The RBI, meanwhile, kept its key interest rate unchanged at 4% owing to rising retail inflation owing mainly by supply side disruptions triggered by the coronavirus pandemic. A Reuters poll of economists before the announcement had predicted the bank would keep the policy rate on hold.
The decision to maintain the status quo on rates for the second time in a row was taken by the central bank's six-member Monetary Policy Committee headed by RBI Gov. Shaktikanta Das. The MPC was originally slated to gather from Sep. 29 to Oct. 1 but the meeting was rescheduled to Oct. 7-9 due to a delay in the appointment of the panel's three new external members to replace those whose terms expired in August.
The RBI had slashed rates by 115 basis points, or 1.15 percentage points, between February and May in response to the coronavirus pandemic.

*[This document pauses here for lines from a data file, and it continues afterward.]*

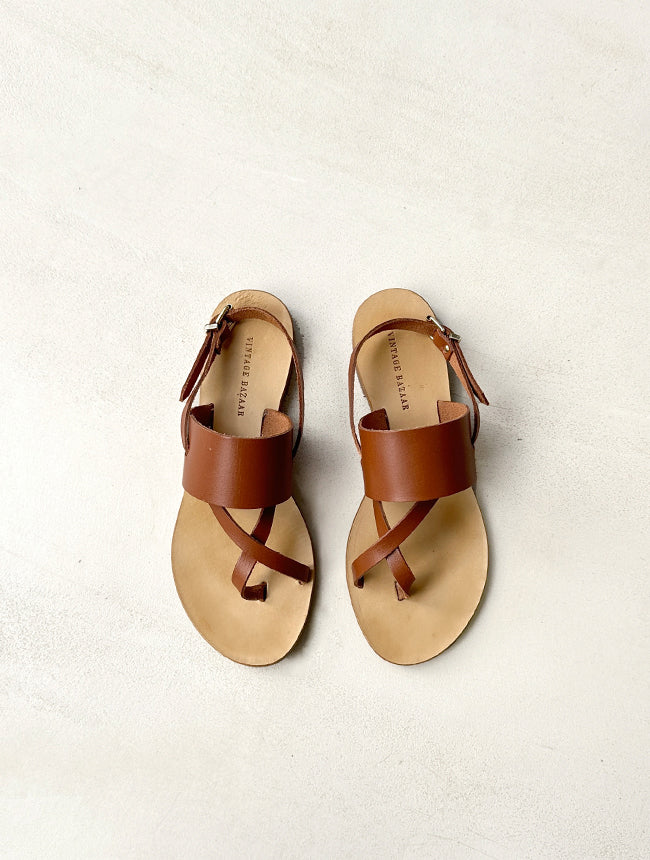 Leather sandals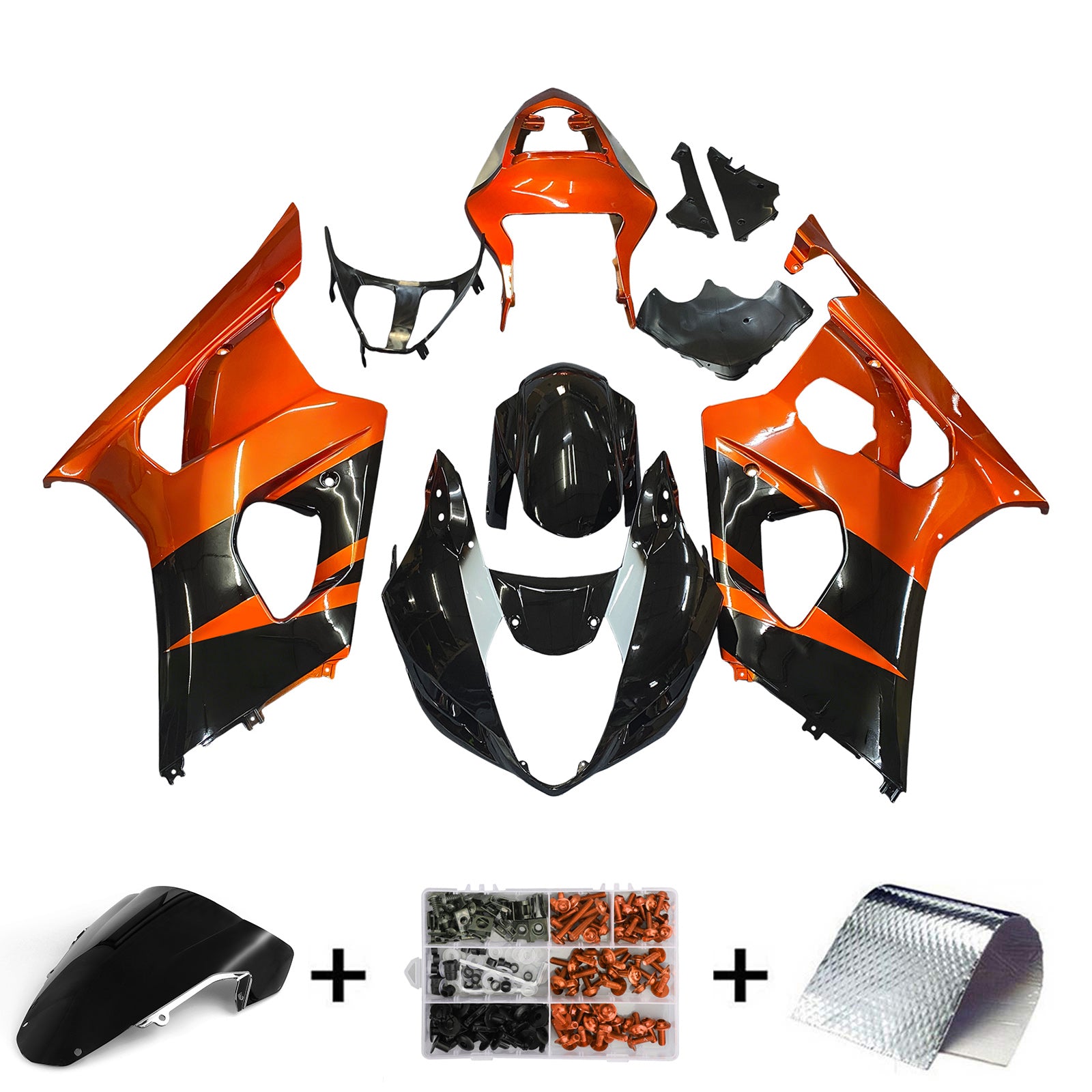 Injection carénage kit carrosserie plastique ABS fit pour Suzuki GSXR1000 2003-2004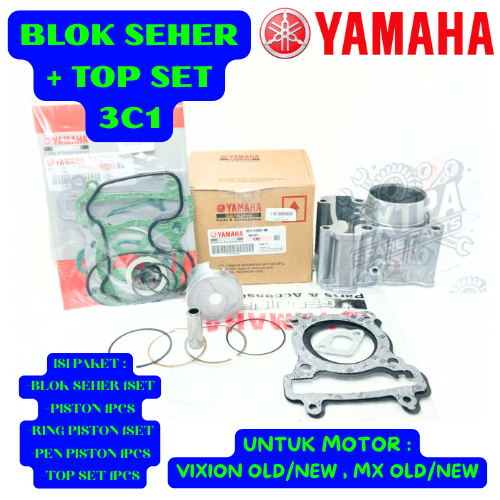 BLOK SEHER+TOP SET KODE-3C1/1PA ASLI ORIGINAL YGP VIXION LED 150 VIXION OLD MX NEW ORIGINAL 100% .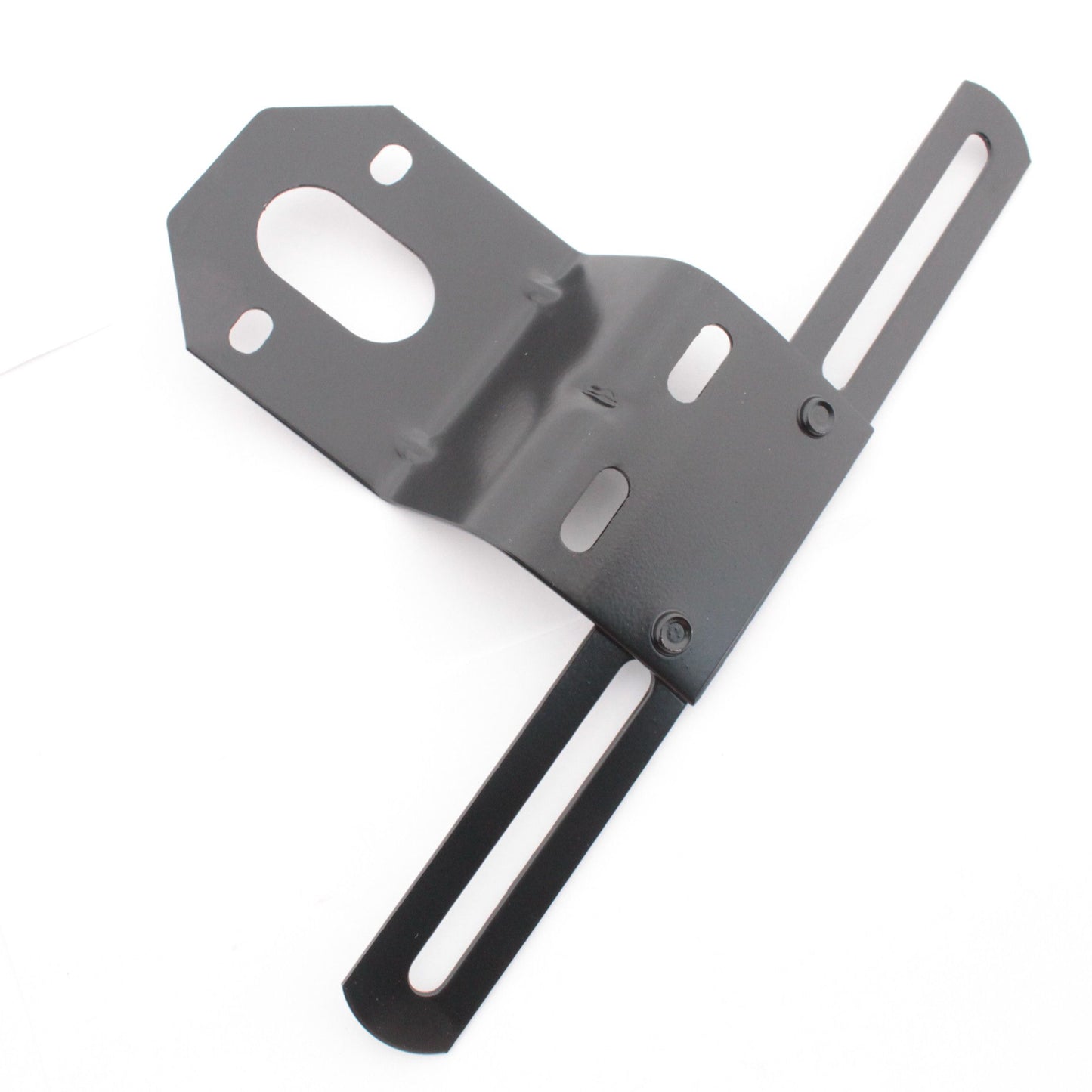 Grote 43022 Black 16.63" License Plate Bracket Offset Powder-Coated for Two-Stud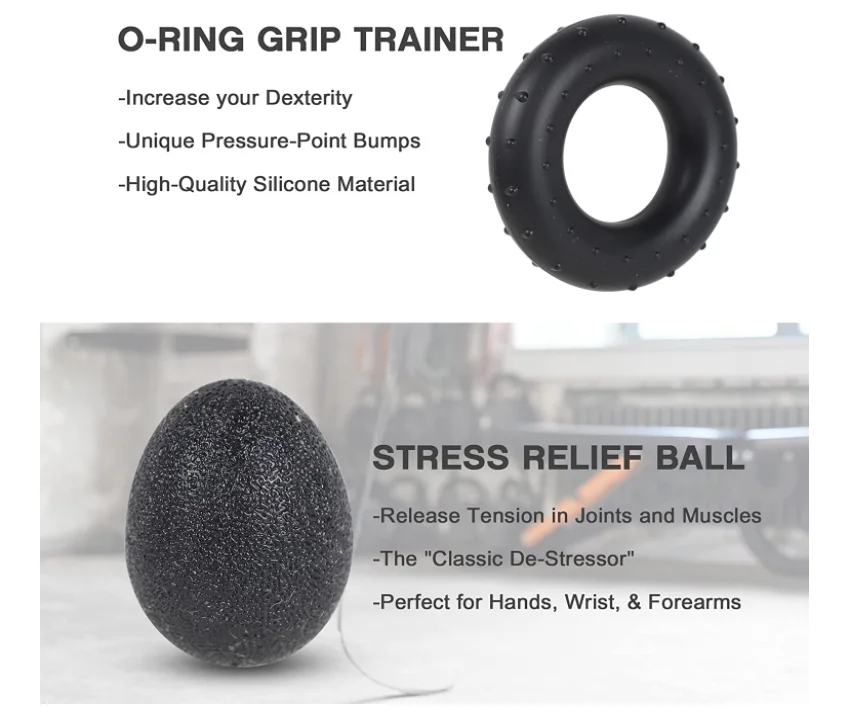 Wholesale 5 Pack Set Exercise Adjustable Fitness Exerciser Strength Trainer Resistance Strengthener Hand Grip Set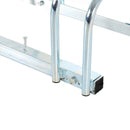 5 Bike Parking Rack - Silver - Seasonal Overstock
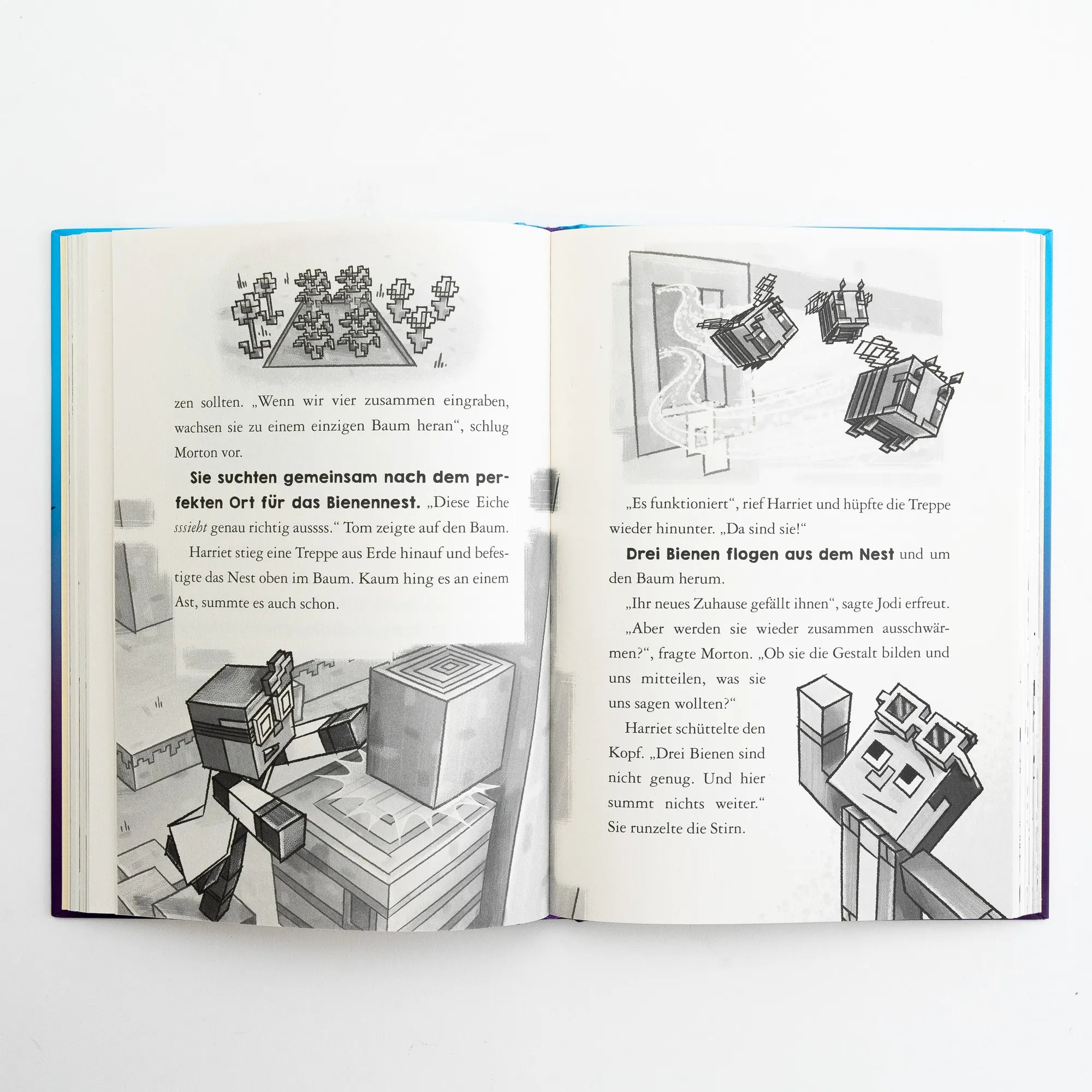 Detailansicht: Minecraft Erste Leseabenteuer – Schwarm drüber (Hardcover)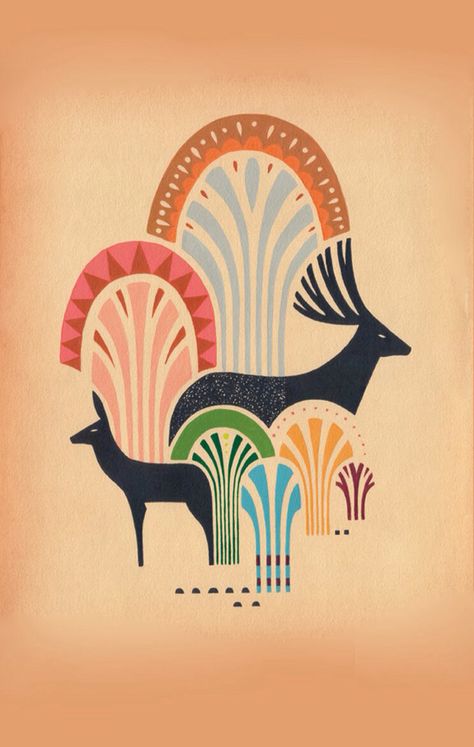 Fall deer Gig Poster, Awesome Stuff, Design Graphique, Animal Illustration, Illustrations Posters, Graphic Design Illustration, Lany, Graphic Illustration, Animal Art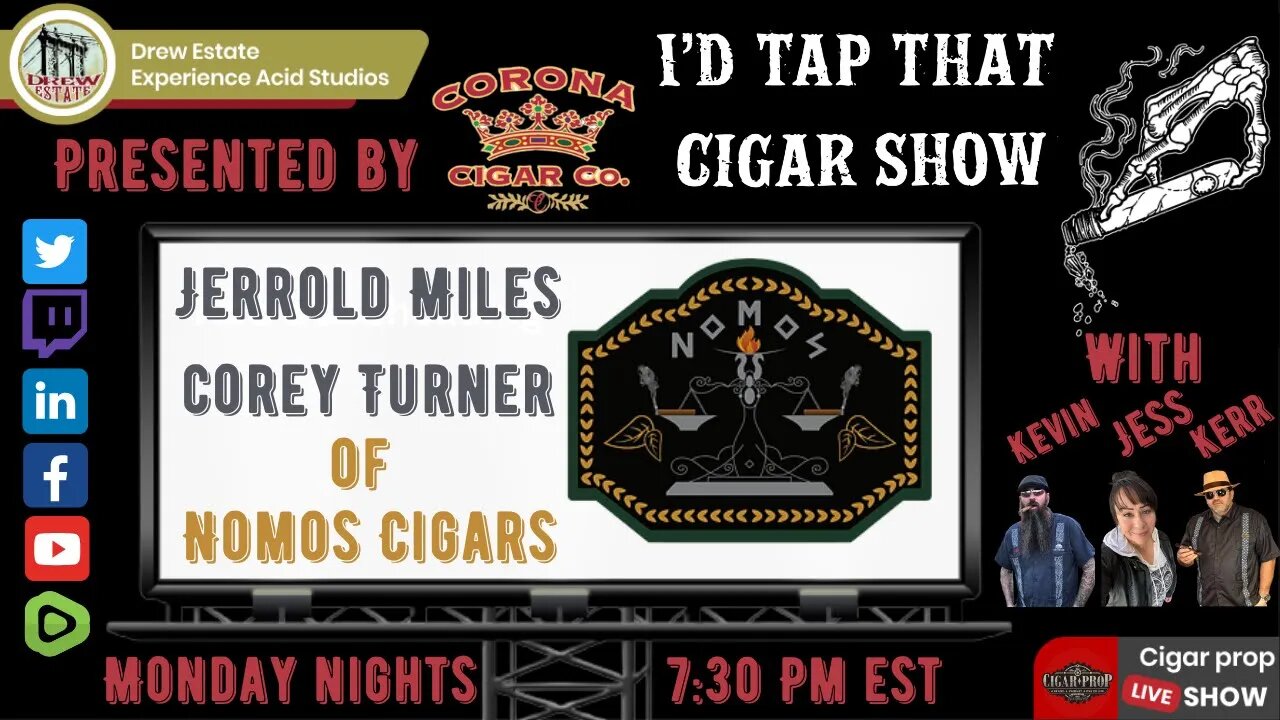 Jerrold and Corey of Nomos Cigars, I'd Tap That Cigar Show Episode 188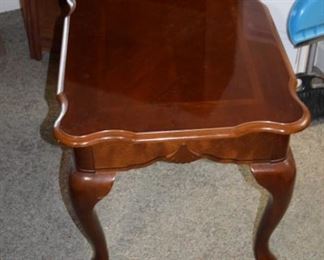 Cherry End Tables 26" X 21" X 21" Tall. We have four identical. 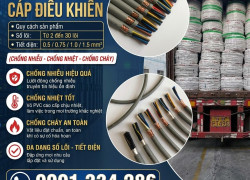 Cáp Điều Khiển Ruột Đồng 2–30 Lõi ALTEK KABEL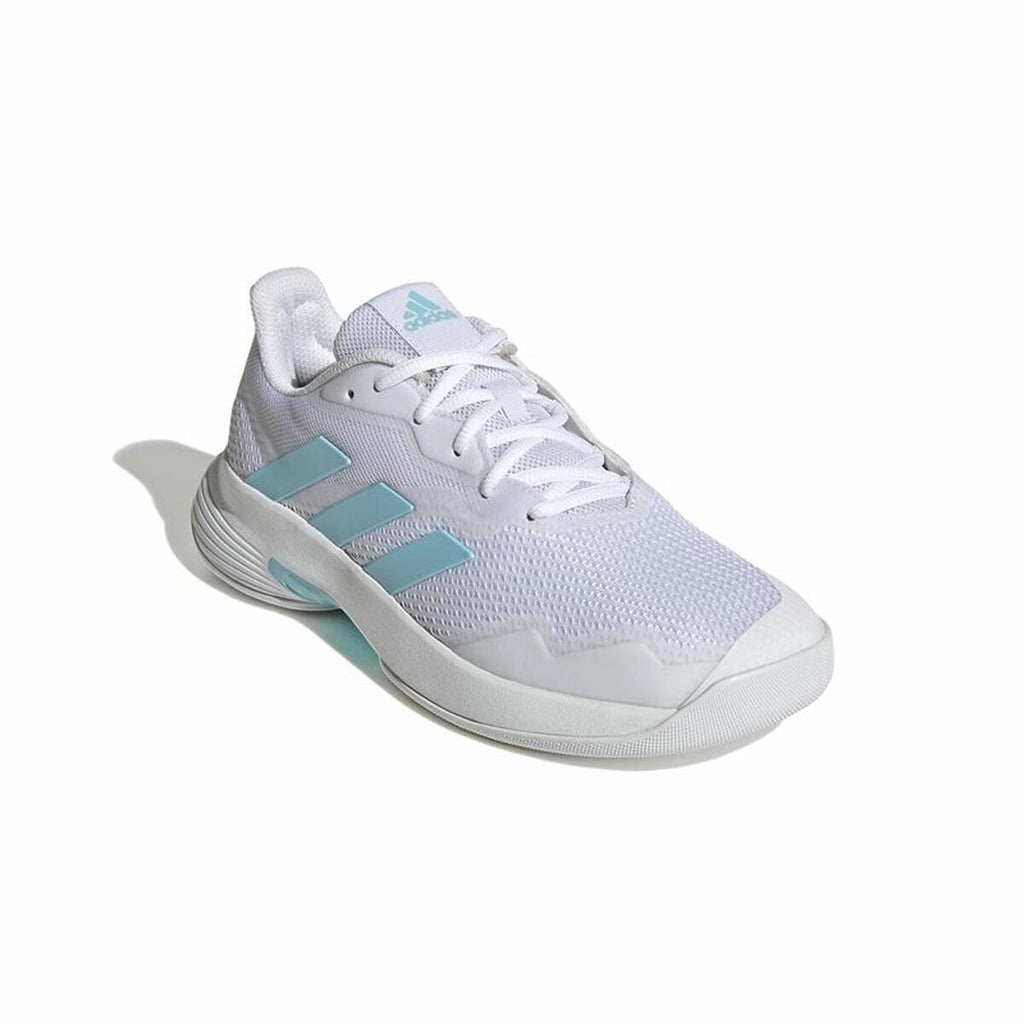 Adidas Courtjam Control Women's Tennis Shoes - White - product view 7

For the whole of the current fiscal year, Gov. Das said, India's real, or inflation-adjusted, GDP is expected to decline by 9.5%, with risks tilted to the downside.
The country's economy was already slowing even before the pandemic struck, and its gross domestic product contracted 23.9% year-on-year in April-June, its worst quarter on record.
"The Indian economy is entering into a decisive phase in the fight against the pandemic. ... By all indications, the deep contractions of [the first quarter] are behind us [and] silver linings are visible," Das said, pointing to the resumption of construction and rising energy consumption, among other things. He added that economic growth may turn positive by the fourth quarter.
"It looks like the RBI is a little more optimistic. Rightly so, as there are some positive indicators. But at the same time the inflationary pressure appears to be real, and that is one of the reasons why they [decided] to hold [the rates]," N.R. Bhanumurthy, a professor at the National Institute of Public Finance and Policy, told Nikkei Asia.
The RBI's growth forecast also does not come as a surprise, he said. "It's true that real GDP growth would be in a negative territory, but I'm betting on some positive numbers for nominal GDP for the whole of this fiscal year." Nominal GDP is not adjusted for inflation.
"If the government spends all the resources that they [pledged] in the 'Atmanirbhar Bharat' or self-reliant India [economic package] and RBI releases all the credit that [micro, small and medium enterprises] and agriculture sectors are supposed to get, I would like to bet on positive growth for the nominal GDP," he said, without giving a range.
In May, Prime Minister Narendra Modi had unveiled the Atmanirbhar Bharat economic package worth 20 trillion rupees ($265 billion), which is equal to about 10% of the country's GDP, to help the country deal with the fallout from the pandemic.
In September, the Asian Development Bank projected that India's GDP in the current fiscal year will contract 9%, while the Organization for Economic Cooperation and Development expects a contraction of 10.2%.
On Thursday, the World Bank estimated India's GDP will decline 9.6%, a sharp downward revision from its June projection of a 3.2% drop.
India, which has reported over 6.9 million COVID-19 cases so far, imposed a strict nationwide lockdown on Mar. 25 to contain the spread of the pandemic. It has been gradually reopening the economy with lockdown-related restrictions largely eased in many parts of the country, but not in high-risk areas.
India's retail inflation in August stood at 6.69%, which was above the upper end of the RBI's medium-term target range of 4-6% for the fifth straight month, mainly because of supply side issues. The RBI takes the rate into consideration when making policy decisions.
Das said the MPC also decided to continue with the accommodative monetary policy "as long as necessary -- at least during the current financial year and into the next year -- to revive growth on a durable basis and mitigate the impact of COVID-19, while ensuring that inflation remains within the target going forward."